(WHAT IS EXPECTED): With the pictures omitted, print exactly the lines below, from the one containing "Junior Golf Club" through the one containing "Lu' Hotel Maladroxia SantʼAntìoco", and nothing else.

(DATA EXTRACTS):
——

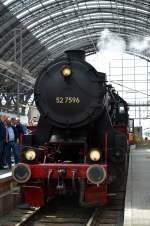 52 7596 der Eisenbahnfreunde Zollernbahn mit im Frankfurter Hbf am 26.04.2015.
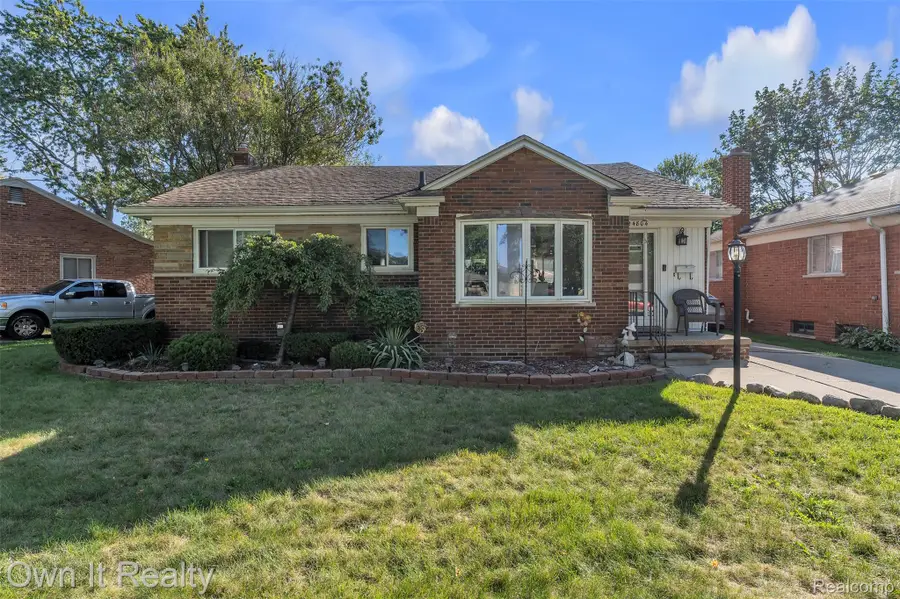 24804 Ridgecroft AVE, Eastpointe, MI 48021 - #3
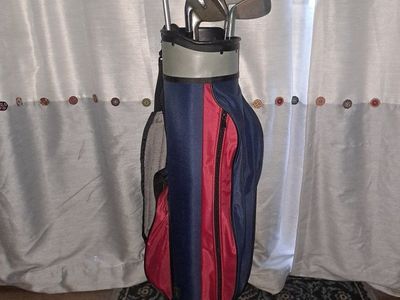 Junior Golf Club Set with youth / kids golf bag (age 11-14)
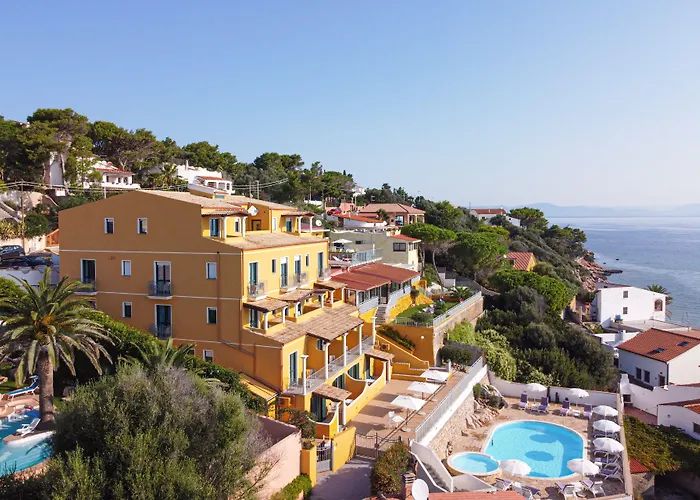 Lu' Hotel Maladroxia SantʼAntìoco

——

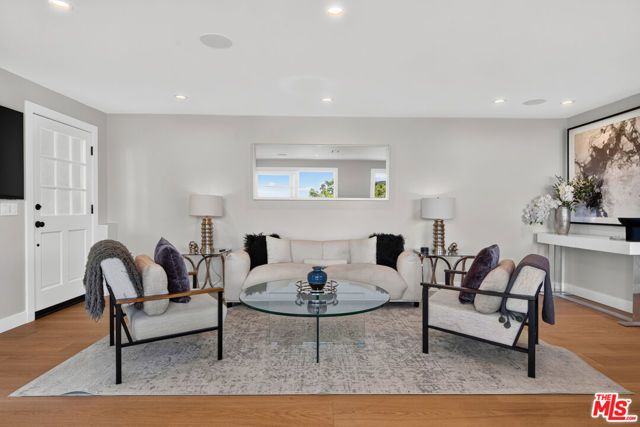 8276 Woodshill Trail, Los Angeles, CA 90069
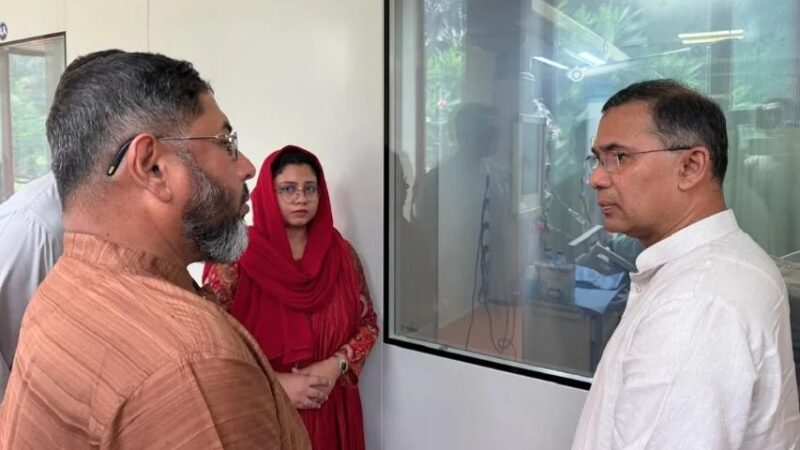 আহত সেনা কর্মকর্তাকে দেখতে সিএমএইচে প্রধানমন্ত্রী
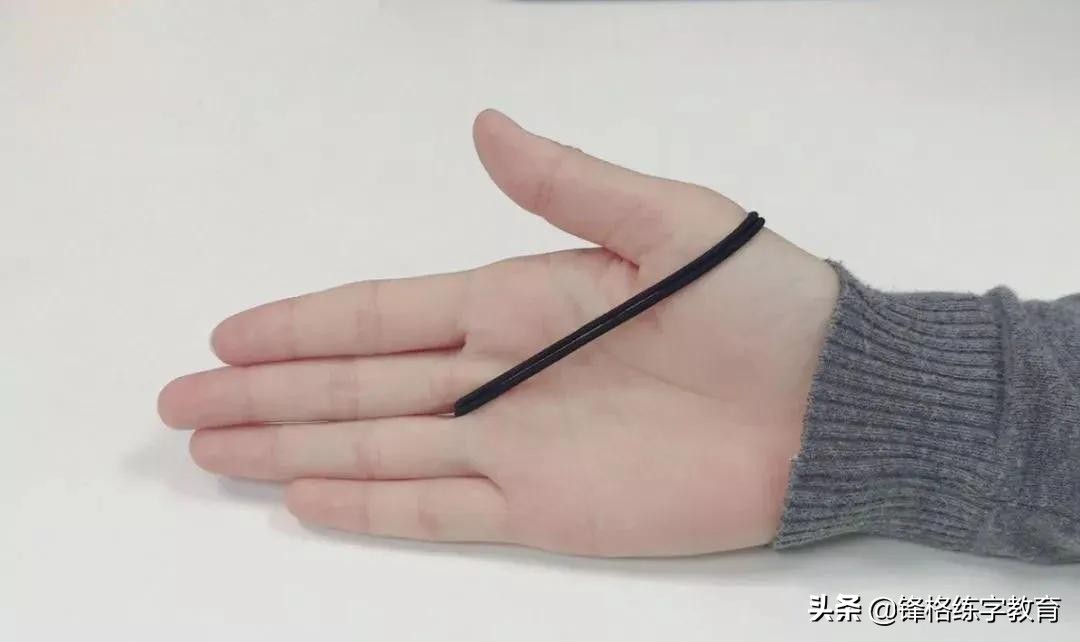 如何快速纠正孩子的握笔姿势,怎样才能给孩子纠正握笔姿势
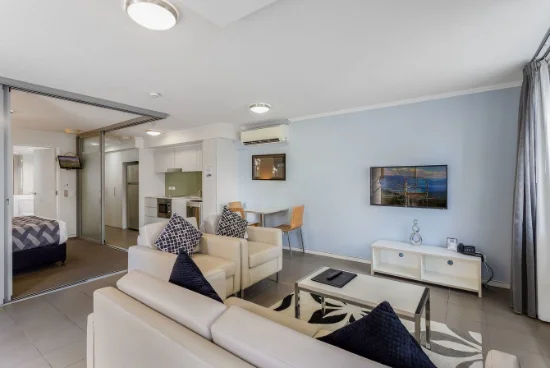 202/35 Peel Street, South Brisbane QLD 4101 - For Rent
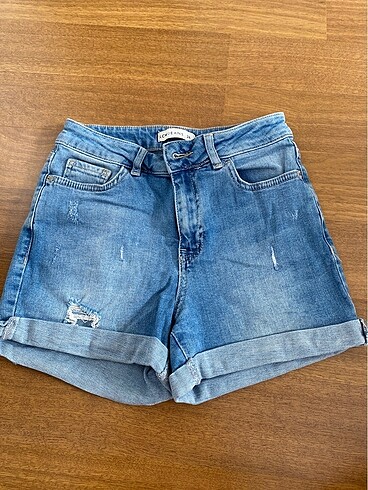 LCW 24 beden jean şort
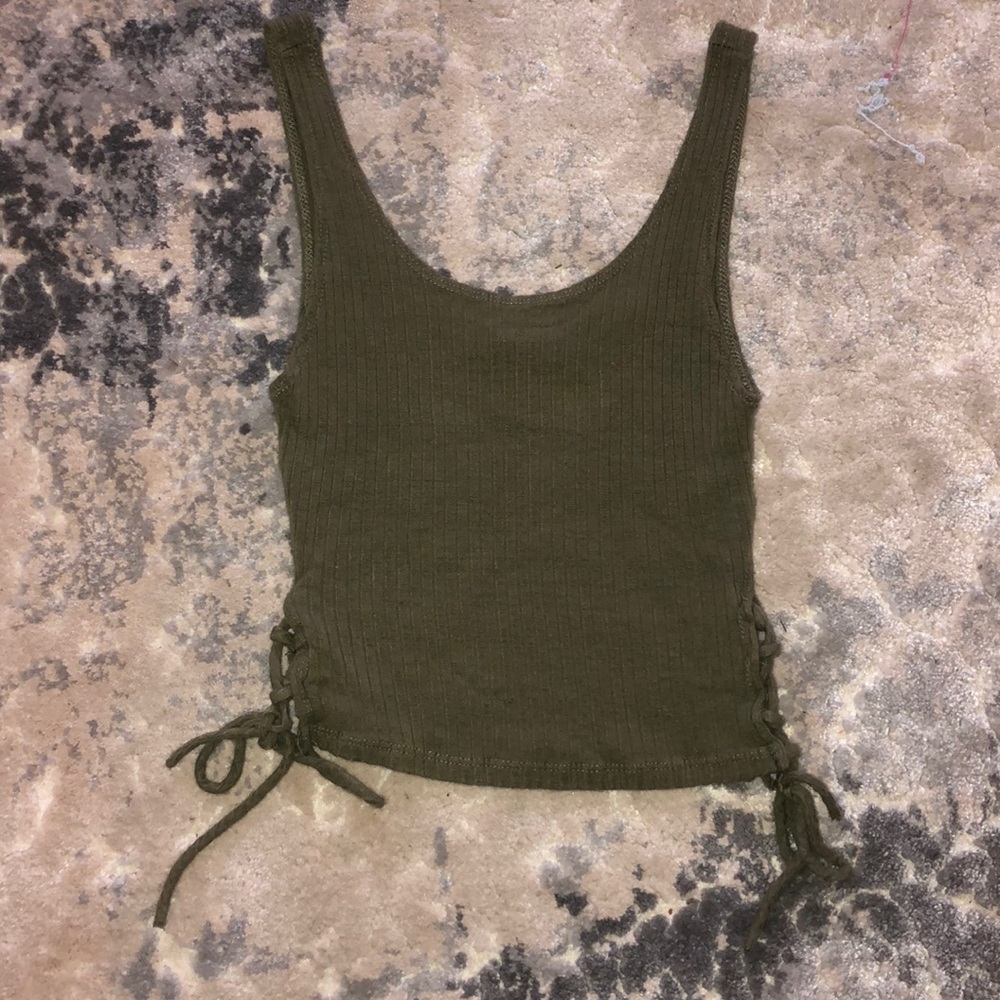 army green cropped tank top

——

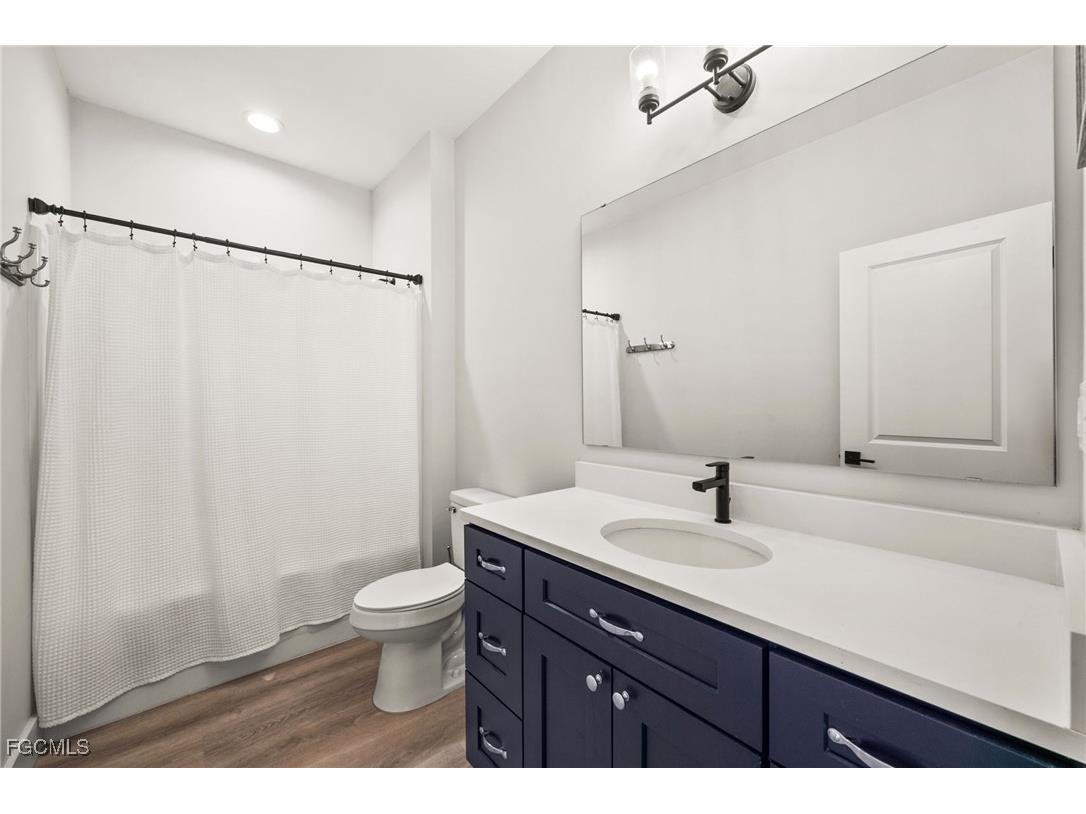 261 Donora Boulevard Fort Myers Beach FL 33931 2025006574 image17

——

(YOUR RESPONSE):
 Junior Golf Club Set with youth / kids golf bag (age 11-14)
 Lu' Hotel Maladroxia SantʼAntìoco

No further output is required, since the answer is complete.